Licensee argues that the trial court erred by (1) finding violations of Section 5.32(a) of the Board’s regulations when the evidence showed that music did not emanate from the licensed premises and when the evidence failed to establish that the musicians were employed by or associated with Licensee, and (2) ignoring the uncon-troverted testimony of Ms. Hannan in favor of a witness with less knowledge of the patron allegedly served alcoholic beverages while obviously intoxicated.

Licensee first argues that the Board misinterpreted or misapplied Section 5.32(a) of its regulations, or that this provision is constitutionally overbroad. Section 5.32(a) provides: “A licensee may not use or permit to be used inside or outside of the licensed premises a loudspeaker or similar device whereby the sound of music or other entertainment, or the advertisement thereof, can be heard on the outside of the licensed premises.” Licensee contends that it could not have been found to be in violation of this section when the evidence established that the band emitting the music was not on its premises, that no evidence established that Licensee was using a loudspeaker or similar device, and that no evidence established that Licensee hired or directed the band. Further, Licensee contends that the Board’s interpretation of “outside the licensed premises” is overly broad if it is to include land that is not a part of the licensed premises.

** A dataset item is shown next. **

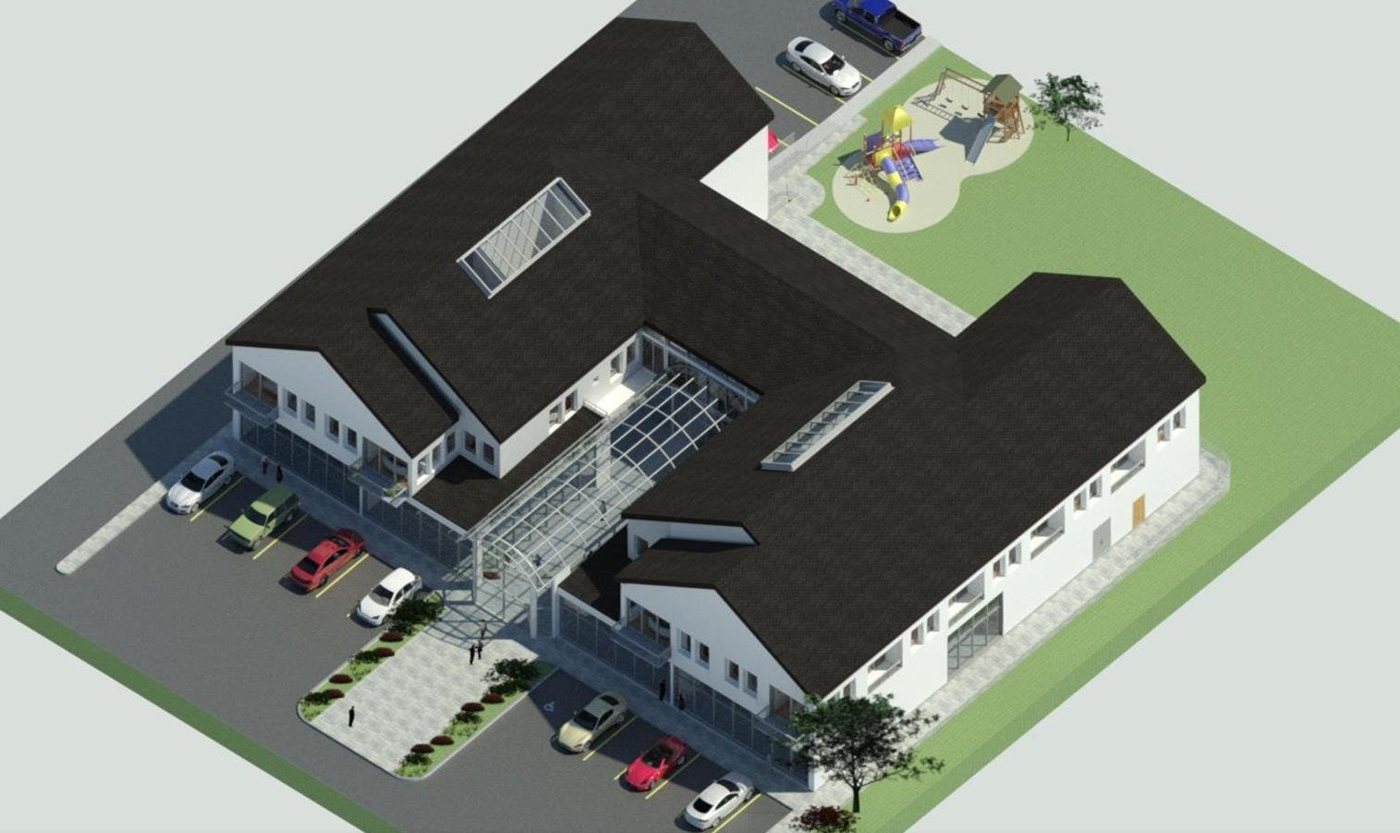 Aerial rendering of a housing block arranged around a courtyard with a glazed entrance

Licensee also attempts to draw an analogy between the conduct for which it was cited and the factual circumstances in Old Express Limited Appeal, 70 Pa.Cmwlth. 382, 453 A.2d 679 (1982). In Old Express Limited, we determined that a licensee could not be found in violation of the Liquor Code on evidence that minors were discovered by agents of the Board to be in the possession of and consuming malt beverages while in the vicinity of the licensed premises. At the time of the incident, the licensee was managing an “Oktoberfest” that was being held in a large tent. The minors were discovered in the southernmost corner of an adjacent parking lot. No evidence was introduced regarding the source of the alcohol they were drinking or whether the licensed premises extended to the parking lot.

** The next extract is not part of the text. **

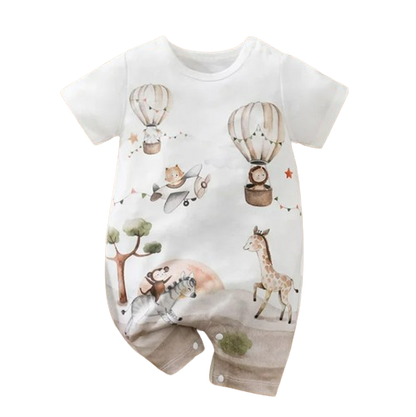 The Bennett - Baby Unisex Animal Print Casual Short Sleeve Romper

Licensee’s arguments, however, fail to fully comprehend Section 5.32(a), ignore critical factual findings, and draw an unconvincing parallel to the holding in Old Express Limited.2 With respect to Licensee’s argument that the evidence failed to establish that it hired or arranged for the bands, Section 5.32(a) provides that a licensee “may not use or permit to be used” loudspeakers or similar devices em*872itting sound outside of the licensed premises. (Emphasis added.) Moreover, Section 5.82(g) provides: “The restrictions in this section [5.32] apply not only to the licensee, but to partners, officers, directors, servants, agents and employes of a licensee.” Quite clearly, the trial court reasonably deduced from the evidence that Licensee, even if not the party directly engaging the bands, was a party that contributed to the engagement of the bands, which used amplified sound to entertain Licensee’s patrons on the licensed premises. Thus the trial court did not err when it determined that Licensee permitted to be used loudspeakers or similar devices that emitted the sound of music and related noise outside of the licensed premises.

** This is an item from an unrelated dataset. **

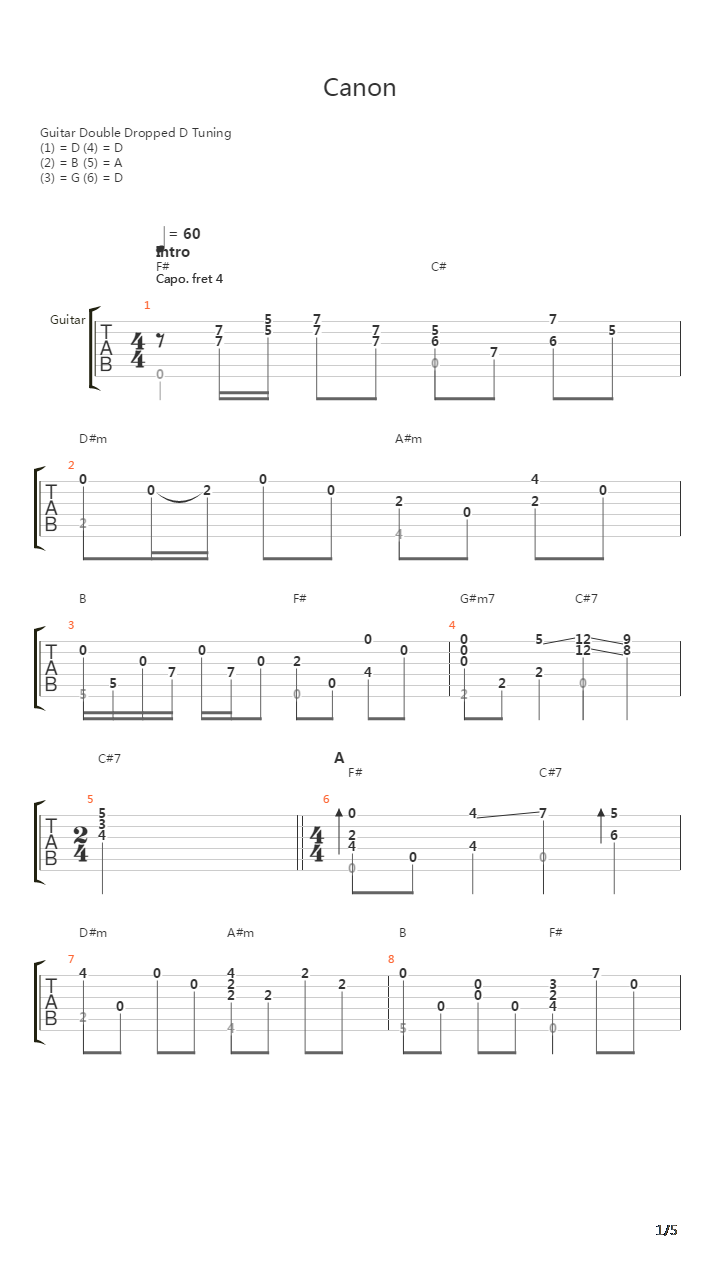 卡农(Canon)吉他谱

Licensee’s argument that the term “outside of the licensed premises” is vague or overbroad is similarly without merit. First, we note that Licensee has failed to cite any authority in support of its argument. Second, we note that an agency’s interpretation of its own regulations is controlling authority unless such interpretation is inconsistent or plainly erroneous, or if it is inconsistent with the underlying legislation. Bologna v. Department of Labor & Industry, 816 A.2d 407 (Pa.Cmwlth.2003). We have held that Section 5.32(a) is a legitimate exercise of the Board’s power to implement the legislative directive under Section 104 of the Liquor Code, 47 P.S. § 1-104, to protect the public welfare, health, peace, and morals of the Commonwealth’s citizens. Two-O-Two Tavern, Inc. Appeal, 89 Pa.Cmwlth. 373, 492 A.2d 502 (1985). There is plainly no error in the trial court’s determination that Licensee violated Section 5.32(a) by permitting bands that it advertised and collected a cover charge for to set up amplified sound systems “outside” of the licensed premises for the entertainment of patrons on or at the licensed premises, even though the bands and their amplified sound systems were not on the licensed premises themselves. This is hardly an overbroad application of the regulation. Licensee’s behavior falls cleanly under the provisions of Section 5.32(a) and is clearly governed by the Liquor Code and the Board’s regulations promulgated thereunder.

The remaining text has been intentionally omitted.